Software RAID - Migration 3

Posted by JD 02/12/2010 at 19:34

Today I migrated a RAID5 external array from 1 server to my newly built Core i5 server. I specifically chose to use software RAID when I installed it in 2007 just so this migration would be possible and easy.

Basically, everything went as planned with only one small issue.

The Plan

My plan was to swap all disks – OS, Mirror, and the external array between a Core 2 Duo E6600 machine with a Core i5 machine. In theory, this will retain everything about my settings, OS, and data with no data loss. I planned to swap the video cards and completely remove a Promise FastTrak TX4310 RAID controller from both machines. It may be easier to think of this as a motherboard, RAM, CPU swap. Of course, I backed up all array data, just in case I had to rebuild the software array from mdadm —create. That was about 1TB of data.

The Result

So the disk swap worked. All 6 disks were swapped, the machine was booted and the OS came up. ZERO, yes, ZERO issues. The boot drive was found. The backup drive and mount points were found and mounted. The software array controlled by mdadm was found, assembled, mounted and is running. I didn’t have to do a thing. No change to any configuration. No real special SATA cable locations. The first SATA cable locations worked perfectly. I wasn’t stupid about the SATA cables, but the drives are definitely not on the devices in the new machine either.

Since I swapped the video cards, I removed the nVidia specific graphics driver from the X/Windows config file. The default driver will have to do.

However, the graphics card swap was less than perfect. I took the nVidia 7600 GS PCIx out and put the S3-ViRGE PCI card from 2002 into the machine. That worked as well as should be expected. Then I tried to run X/Windows and it came up, but with 640×480 resolution. I know the S3 card supports 1280×1024 so I was off to find a driver/method to make that happen. My first attempt prevented X from running again. Normally, that wouldn’t be a problem, I’d just go to another machine and google away. This week, my laptop became mostly dead and the machine I’m working on is my backup desktop, er … with no graphical environment.

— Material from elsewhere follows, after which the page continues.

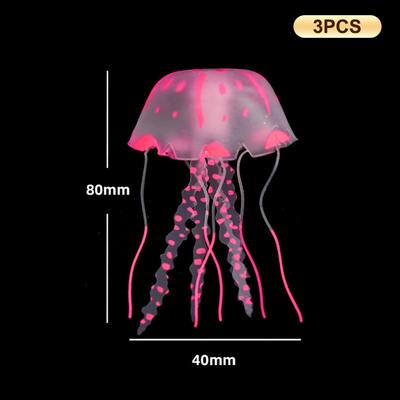 3 Pièces Artificielles Méduses Fluorescentes Lumineuses Décoration d'Aquarium Plante Sous-Marine d'Aquarium Ornement Paysage Aquatique Marin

Another issue was that network cards were seen as new to the OS. At boot, it created eth2 and eth3 rather than reusing eth0 and eth1. Just to get up and on the network, I edited /etc/network/interfaces and swapped /eth0/eth2/ everywhere. Ran
sudo /etc/init.d/network restart
and the network was working perfectly again. I’ll want to come back and convince the OS to forget eth0 and eth1 in the future. I believe that happens in the /etc/udev directory.

Solved

In order to research solutions, I needed a web browser. To run a web browser, I needed a graphical environment, X/Windows. X wasn’t starting. The solution – swap the video cards back. Start X – life is good. Web research, email, and work can begin again. It worked well enough that I’ve decided to retire the S3-ViRGE card and purchase as-cheap-a PCIx video card as can be had, when is stops snowing here.

Summary

Software RAID migration worked better than expected. No data was lost and no special setup or other configuration modifications were needed. That UUID stuff for disk drives is why this all worked with no issues. I’m certain. The small hassle it adds to /etc/fstab is well worth it.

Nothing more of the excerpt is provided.